Why is there an output_string but not a read_string function?

In the Pervasives module, we have an output_string which takes care of writing a string on an output channel, even if the string is huge.

On the other hand, there is no read_string:in_channel -> string function that reads all the remaining text in an input channel (assuming it corresponds to a text file).

Is this deliberate ? I would naively have thought that reading and writing are rather symmetrical operations.

1 Like

What is string? The entire file? What if it’s too big/has no EOF?

It shouldn’t be hard to raise exceptions in those cases, should it ? It’s not very difficult to write a small function that does that, but I’m surprised that it’s not builtin.

I’m glad you asked, someone motivated could definitely
try and revive https://github.com/ocaml/ocaml/pull/640 which adds some
helpers to the stdlib’s IO. Good luck!

1 Like

I’m glad other people share my concerns too :slight_smile:

Indeed, this is quite useful when doing system programming.
Several libraries define such a function.
It is named string_of_file usually.
For example:

opam install ocaml-compiler-libs

Then use Misc.string_of_file.

1 Like

It is not too hard, because it is impossible to do “correctly”. The read operation on a file might block forever, e.g. a file on an NFS mount on a connection that went away.

I must point out that “compiler libs” (the set of modules that are part of the compiler implementation) give currently no guarantee about the stability of their API. You should only use it if you really need it and you know what you are doing.
So for a simple function such as string_of_file that can be implemented independently from the compiler codebase, you really should use any other library (containers, bos, base) instead of compiler libs.

1 Like

Or we could try to get @c-cube PR merged in the stdlib.

Sure, that would be nice as well.

Serious question: is anyone motivated to take the PR over? (not sure how easy it can be).

[oh, I see you really -do- mean “read the whole file into a string”]

This might make sense to put in a bolt-on library, but why would one put it in the core?

  1. it’s trivial to implement with really_input, a fixed-size read buffer, and the Buffer module.
  2. for anybody who doesn’t know what they’re doing, it’s a loaded gun lying around.
  3. For anybody who does know what they’re doing, see #1.

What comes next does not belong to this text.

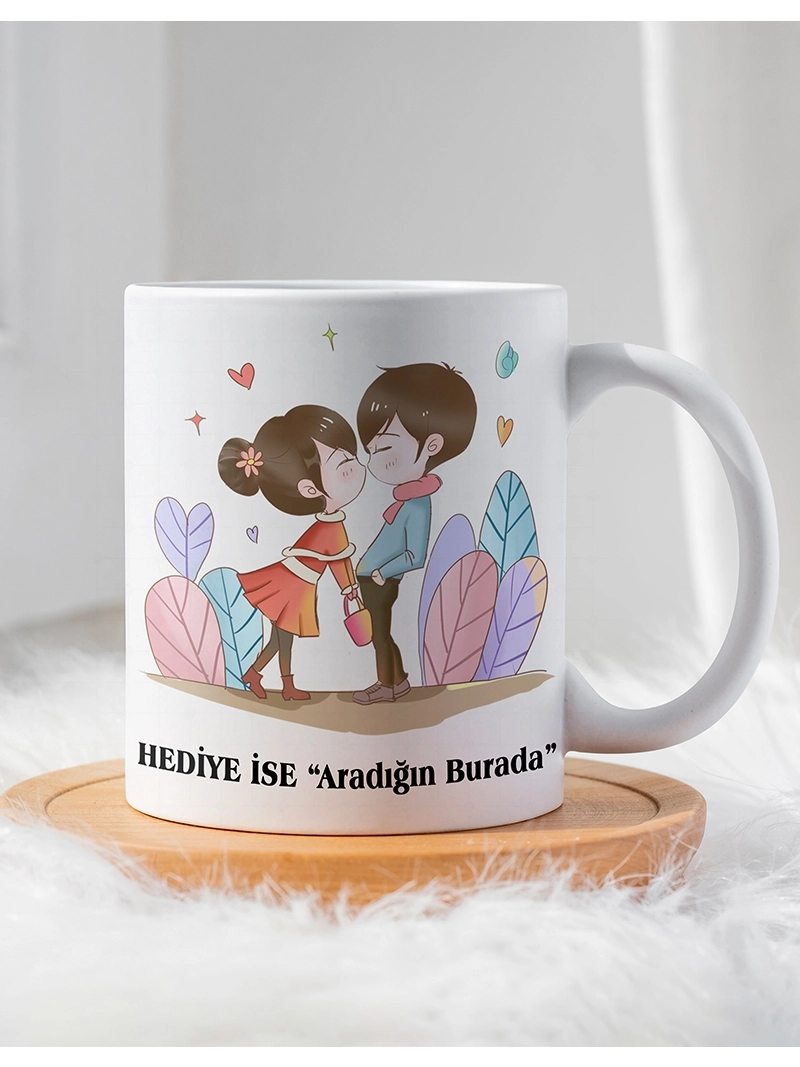 Sevgililer Gününe Özel Kupa Bardak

I found this code in my DAFT project:

  let string_of_file fn =
    let buff_size = 1024 in
    let buff = Buffer.create buff_size in
    let ic = open_in fn in
    let line_buff = Bytes.create buff_size in
    begin
      let was_read = ref (input ic line_buff 0 buff_size) in
      while !was_read <> 0 do
        Buffer.add_subbytes buff line_buff 0 !was_read;
        was_read := input ic line_buff 0 buff_size;
      done;
      close_in ic;
    end;
    Buffer.contents buff

Yep. I used to have one in my “utils” library. But recently I started using the “Bos” library for “convenient file I/O” and it’s got nice verbs for things like this – file contents, dir contents, etc.

Ok, I found the bos:

https://erratique.ch/software/bos

I do think the symmetric operation to output_string is called input_line in the stdlib:

val input_line in_channel -> string                                          
    Read characters from the given input channel, until a                       
    newline character is encountered. Return the string of                      
    all characters read, without the newline character at the end.              
    Raise [End_of_file] if the end of the file is reached                       
    at the beginning of line.   

Yeah, that’s some sweet code there.

I feel like I’m missing a punchline because nobody has mentioned core yet, but you can use In_channel.input_all if you install core.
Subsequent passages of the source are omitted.